# BRIEF:
Return the material below exactly, but only from the line with "A matched pair" through the line with "Atlanta Braves rookie", and without its pictures.

# DATA FOR PROCESSING:
══════
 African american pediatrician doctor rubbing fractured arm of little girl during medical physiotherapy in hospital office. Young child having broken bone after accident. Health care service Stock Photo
══════
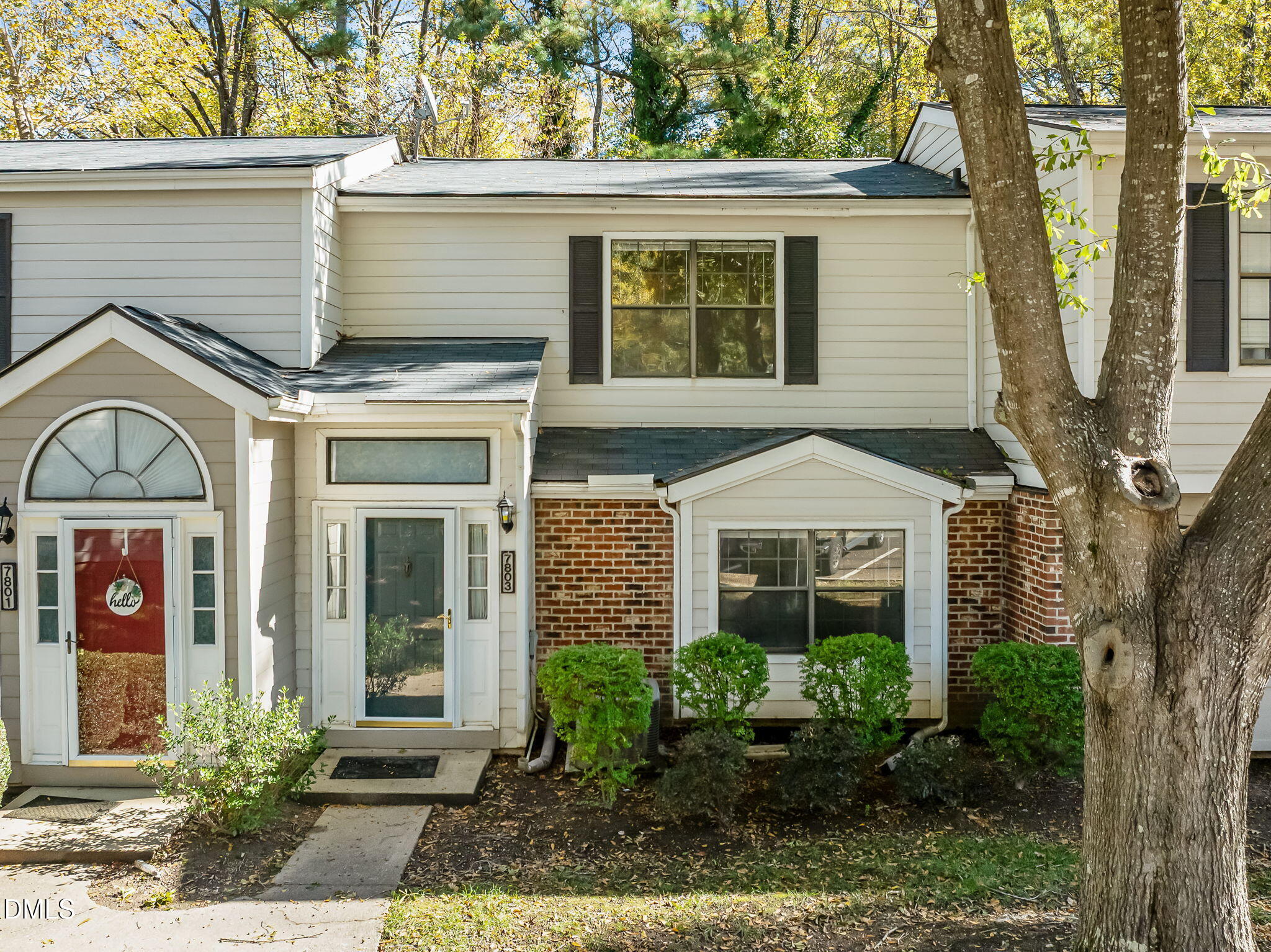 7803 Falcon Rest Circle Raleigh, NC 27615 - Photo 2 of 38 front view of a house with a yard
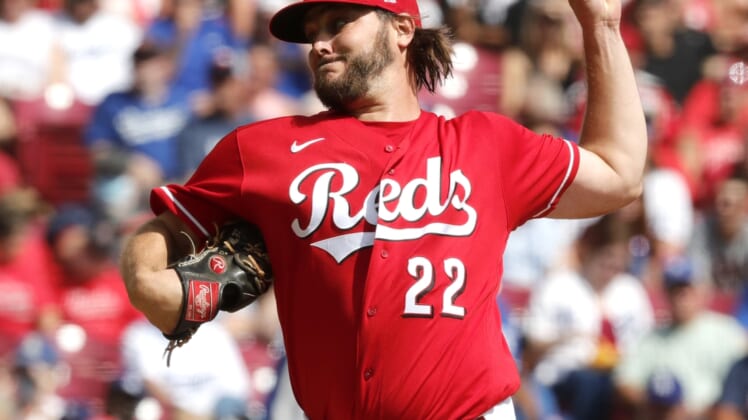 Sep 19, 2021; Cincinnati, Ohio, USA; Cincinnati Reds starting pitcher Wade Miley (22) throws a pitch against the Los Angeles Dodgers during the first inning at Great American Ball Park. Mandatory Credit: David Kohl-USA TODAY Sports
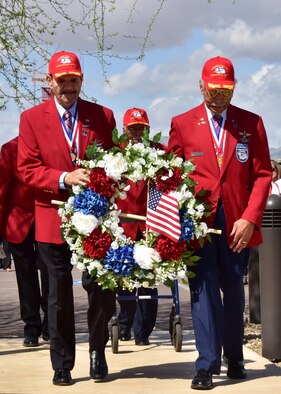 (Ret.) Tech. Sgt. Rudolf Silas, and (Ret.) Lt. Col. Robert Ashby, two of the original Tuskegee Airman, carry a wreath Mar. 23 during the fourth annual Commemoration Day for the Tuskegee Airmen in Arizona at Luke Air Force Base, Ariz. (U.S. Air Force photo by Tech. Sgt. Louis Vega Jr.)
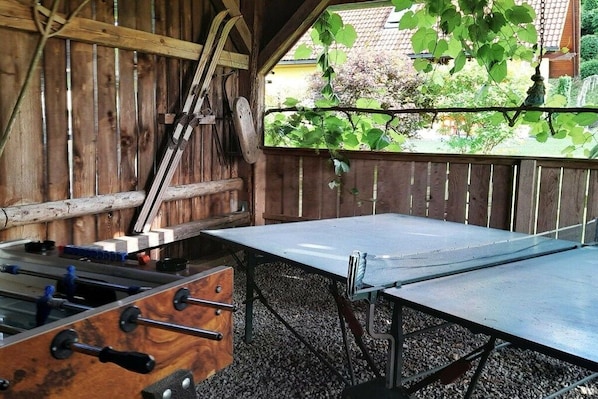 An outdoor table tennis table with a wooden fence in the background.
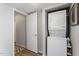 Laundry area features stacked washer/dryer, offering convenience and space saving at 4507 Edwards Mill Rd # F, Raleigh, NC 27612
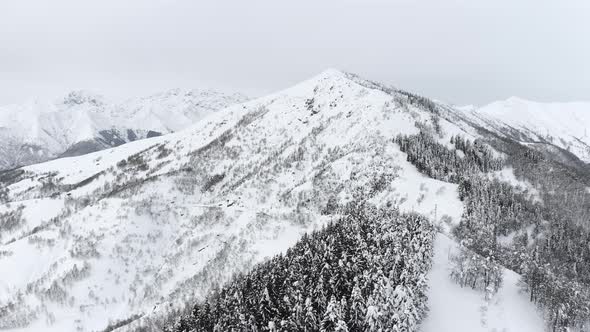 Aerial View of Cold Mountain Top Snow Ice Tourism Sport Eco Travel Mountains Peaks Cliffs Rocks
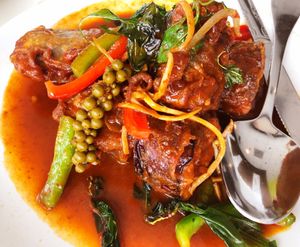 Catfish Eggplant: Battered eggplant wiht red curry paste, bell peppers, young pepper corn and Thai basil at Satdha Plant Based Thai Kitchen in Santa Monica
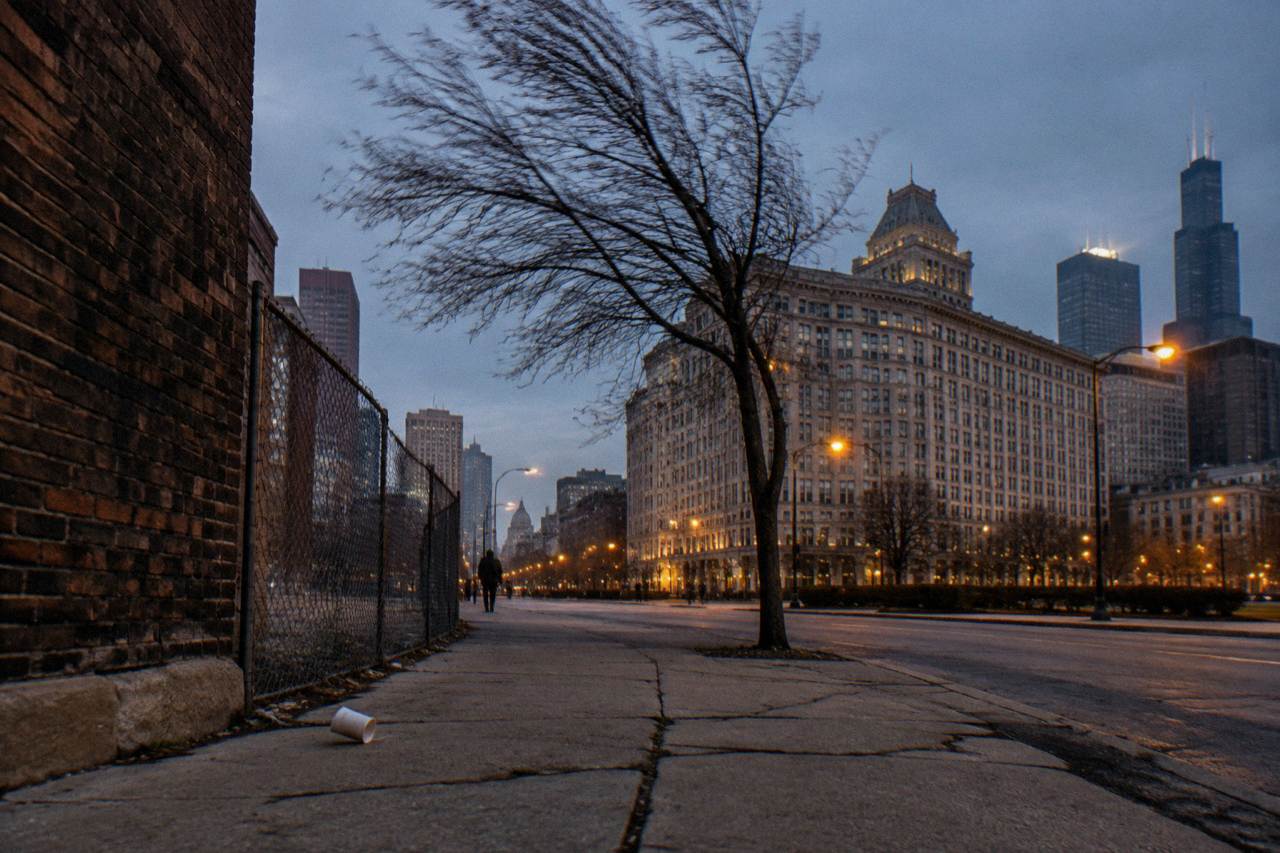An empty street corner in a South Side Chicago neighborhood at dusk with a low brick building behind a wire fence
══════
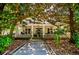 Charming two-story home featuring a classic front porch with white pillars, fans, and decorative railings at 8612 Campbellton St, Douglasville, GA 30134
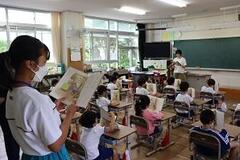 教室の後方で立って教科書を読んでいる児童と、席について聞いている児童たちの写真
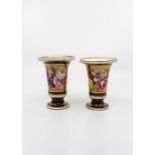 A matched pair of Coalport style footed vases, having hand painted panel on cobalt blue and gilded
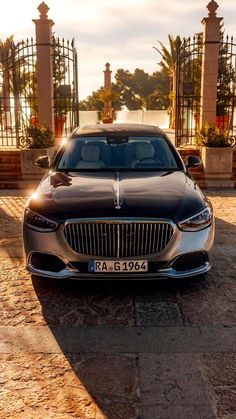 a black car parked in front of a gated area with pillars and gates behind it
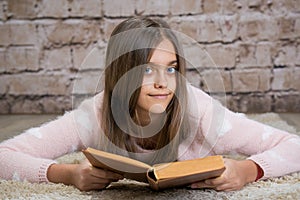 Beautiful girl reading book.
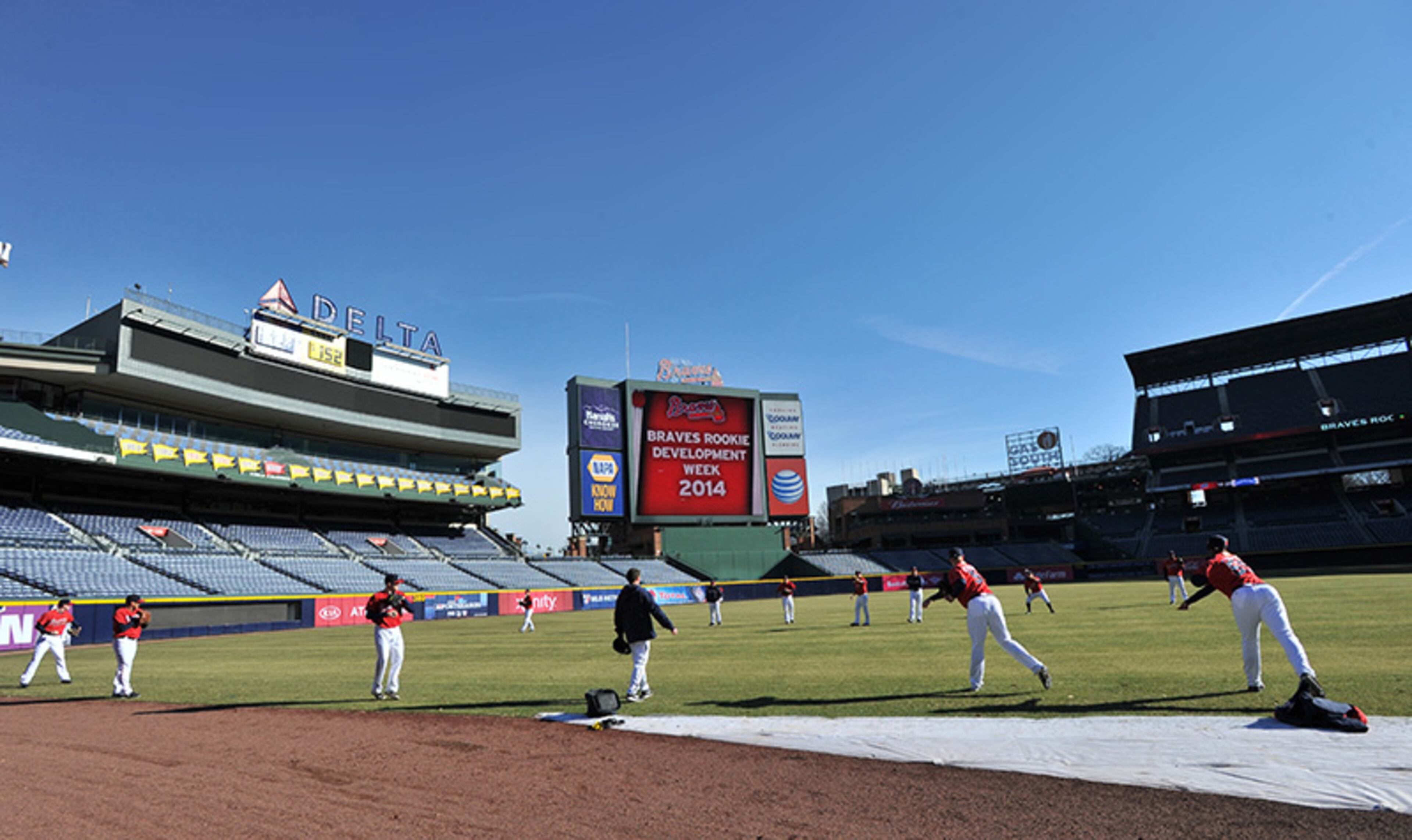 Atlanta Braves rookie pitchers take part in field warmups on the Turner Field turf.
══════
# RESPONSE:
 A matched pair of Coalport style footed vases, having hand painted panel on cobalt blue and gilded
 a black car parked in front of a gated area with pillars and gates behind it
 Beautiful girl reading book.
 Atlanta Braves rookie pitchers take part in field warmups on the Turner Field turf.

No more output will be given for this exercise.